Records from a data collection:
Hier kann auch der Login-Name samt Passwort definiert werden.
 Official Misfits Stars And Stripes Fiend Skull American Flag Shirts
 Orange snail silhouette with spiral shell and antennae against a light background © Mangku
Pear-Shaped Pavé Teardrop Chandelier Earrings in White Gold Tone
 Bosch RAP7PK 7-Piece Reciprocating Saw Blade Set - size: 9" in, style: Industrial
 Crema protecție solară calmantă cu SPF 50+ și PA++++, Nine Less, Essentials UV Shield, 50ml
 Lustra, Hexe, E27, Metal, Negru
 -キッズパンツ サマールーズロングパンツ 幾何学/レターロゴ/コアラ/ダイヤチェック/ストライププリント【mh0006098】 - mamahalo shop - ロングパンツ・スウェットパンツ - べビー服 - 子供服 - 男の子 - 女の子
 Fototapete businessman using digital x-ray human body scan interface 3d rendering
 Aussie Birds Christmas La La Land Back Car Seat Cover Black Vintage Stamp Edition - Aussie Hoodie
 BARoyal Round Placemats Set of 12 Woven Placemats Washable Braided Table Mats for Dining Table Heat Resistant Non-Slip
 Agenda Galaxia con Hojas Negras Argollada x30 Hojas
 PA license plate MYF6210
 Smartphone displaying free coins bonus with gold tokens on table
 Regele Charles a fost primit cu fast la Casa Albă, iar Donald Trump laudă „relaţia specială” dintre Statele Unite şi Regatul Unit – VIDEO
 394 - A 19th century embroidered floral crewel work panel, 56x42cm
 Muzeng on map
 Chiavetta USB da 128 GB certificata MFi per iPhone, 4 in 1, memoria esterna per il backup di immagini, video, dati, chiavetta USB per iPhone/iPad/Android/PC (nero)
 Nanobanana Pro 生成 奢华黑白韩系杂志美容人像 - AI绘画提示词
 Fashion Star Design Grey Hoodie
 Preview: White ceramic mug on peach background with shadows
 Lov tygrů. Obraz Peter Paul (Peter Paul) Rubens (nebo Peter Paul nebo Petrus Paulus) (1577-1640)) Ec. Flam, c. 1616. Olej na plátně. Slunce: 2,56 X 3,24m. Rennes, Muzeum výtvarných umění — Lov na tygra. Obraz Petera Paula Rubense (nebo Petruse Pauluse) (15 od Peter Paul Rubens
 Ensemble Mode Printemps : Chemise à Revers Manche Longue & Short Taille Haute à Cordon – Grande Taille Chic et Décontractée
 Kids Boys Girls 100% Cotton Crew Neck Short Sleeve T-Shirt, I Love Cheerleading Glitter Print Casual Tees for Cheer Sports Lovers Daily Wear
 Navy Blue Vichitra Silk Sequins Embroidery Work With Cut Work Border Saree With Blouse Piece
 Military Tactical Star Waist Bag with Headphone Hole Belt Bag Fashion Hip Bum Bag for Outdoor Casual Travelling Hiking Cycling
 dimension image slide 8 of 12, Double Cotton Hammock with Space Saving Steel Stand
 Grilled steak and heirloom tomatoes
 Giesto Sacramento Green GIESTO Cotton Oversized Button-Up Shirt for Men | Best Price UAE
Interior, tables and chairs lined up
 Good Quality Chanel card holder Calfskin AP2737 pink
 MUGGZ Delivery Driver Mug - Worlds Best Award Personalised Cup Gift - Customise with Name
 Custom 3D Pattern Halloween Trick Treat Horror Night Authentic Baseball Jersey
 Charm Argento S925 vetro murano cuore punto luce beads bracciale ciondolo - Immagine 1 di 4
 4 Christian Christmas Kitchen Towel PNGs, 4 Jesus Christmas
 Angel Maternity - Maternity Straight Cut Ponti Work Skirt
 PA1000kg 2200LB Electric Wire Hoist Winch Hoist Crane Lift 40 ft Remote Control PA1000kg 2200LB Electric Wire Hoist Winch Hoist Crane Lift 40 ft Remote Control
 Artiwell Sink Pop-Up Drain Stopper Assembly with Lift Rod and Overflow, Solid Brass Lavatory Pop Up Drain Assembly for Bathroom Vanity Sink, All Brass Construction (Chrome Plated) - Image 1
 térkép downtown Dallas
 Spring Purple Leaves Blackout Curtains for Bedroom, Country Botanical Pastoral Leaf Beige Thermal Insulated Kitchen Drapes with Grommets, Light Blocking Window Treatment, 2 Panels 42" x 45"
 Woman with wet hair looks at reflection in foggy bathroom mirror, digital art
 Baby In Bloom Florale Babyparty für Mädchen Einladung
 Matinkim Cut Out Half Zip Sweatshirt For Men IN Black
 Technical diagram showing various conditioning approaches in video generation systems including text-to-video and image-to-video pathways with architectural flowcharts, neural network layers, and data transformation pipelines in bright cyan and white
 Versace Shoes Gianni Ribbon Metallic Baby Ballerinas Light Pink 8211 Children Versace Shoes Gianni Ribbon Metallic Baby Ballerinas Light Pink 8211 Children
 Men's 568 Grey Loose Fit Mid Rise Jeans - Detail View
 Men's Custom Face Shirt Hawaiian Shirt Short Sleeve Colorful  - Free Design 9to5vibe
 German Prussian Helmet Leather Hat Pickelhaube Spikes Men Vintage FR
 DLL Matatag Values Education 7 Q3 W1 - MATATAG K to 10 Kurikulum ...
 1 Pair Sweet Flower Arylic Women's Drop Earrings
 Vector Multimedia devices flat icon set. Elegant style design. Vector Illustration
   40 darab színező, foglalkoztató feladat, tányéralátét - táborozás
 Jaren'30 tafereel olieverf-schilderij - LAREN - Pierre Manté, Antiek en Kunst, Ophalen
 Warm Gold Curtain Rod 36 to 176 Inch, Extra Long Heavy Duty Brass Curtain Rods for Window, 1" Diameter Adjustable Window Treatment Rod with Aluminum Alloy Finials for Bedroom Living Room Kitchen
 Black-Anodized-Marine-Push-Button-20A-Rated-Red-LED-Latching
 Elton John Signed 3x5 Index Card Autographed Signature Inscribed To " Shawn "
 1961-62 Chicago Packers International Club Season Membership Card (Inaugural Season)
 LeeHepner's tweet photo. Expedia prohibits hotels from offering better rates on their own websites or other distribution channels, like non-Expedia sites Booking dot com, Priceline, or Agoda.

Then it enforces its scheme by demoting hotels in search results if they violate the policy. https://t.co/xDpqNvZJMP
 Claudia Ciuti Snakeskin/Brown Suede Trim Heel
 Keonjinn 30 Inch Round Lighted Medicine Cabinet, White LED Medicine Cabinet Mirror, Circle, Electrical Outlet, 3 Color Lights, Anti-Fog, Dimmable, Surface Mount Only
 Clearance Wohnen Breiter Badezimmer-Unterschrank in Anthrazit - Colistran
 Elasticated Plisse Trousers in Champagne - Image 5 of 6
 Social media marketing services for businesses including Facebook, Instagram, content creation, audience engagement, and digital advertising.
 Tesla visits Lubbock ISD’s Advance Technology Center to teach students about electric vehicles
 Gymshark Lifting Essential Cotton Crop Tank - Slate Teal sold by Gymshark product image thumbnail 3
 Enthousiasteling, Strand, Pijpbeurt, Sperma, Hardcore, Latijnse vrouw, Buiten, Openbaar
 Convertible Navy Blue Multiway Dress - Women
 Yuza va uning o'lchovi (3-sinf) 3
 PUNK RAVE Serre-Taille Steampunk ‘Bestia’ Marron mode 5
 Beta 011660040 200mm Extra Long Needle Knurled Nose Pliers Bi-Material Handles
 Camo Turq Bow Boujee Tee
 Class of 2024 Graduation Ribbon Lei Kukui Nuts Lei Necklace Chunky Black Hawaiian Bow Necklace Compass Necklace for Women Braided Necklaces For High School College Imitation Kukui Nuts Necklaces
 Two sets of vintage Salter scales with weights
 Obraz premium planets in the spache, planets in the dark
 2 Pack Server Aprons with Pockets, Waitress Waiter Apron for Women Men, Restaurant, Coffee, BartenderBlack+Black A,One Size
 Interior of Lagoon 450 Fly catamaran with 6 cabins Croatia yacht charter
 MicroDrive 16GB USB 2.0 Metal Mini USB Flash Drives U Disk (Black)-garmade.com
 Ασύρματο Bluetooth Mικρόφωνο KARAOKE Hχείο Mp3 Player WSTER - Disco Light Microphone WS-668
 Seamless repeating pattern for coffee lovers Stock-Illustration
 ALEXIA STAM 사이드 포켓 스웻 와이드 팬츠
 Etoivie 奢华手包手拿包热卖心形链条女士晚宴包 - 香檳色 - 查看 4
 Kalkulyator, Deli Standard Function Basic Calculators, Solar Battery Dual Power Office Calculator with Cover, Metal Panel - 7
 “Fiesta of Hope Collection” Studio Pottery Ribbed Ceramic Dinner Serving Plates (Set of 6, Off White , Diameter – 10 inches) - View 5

## Exercise aim
Please output exactly the lines between the one holding "Ensemble Mode Printemps" and the one holding "Kids Boys Girls" in the records above, inclusive, and nothing more.

## Response to this exercise
 Ensemble Mode Printemps : Chemise à Revers Manche Longue & Short Taille Haute à Cordon – Grande Taille Chic et Décontractée
 Kids Boys Girls 100% Cotton Crew Neck Short Sleeve T-Shirt, I Love Cheerleading Glitter Print Casual Tees for Cheer Sports Lovers Daily Wear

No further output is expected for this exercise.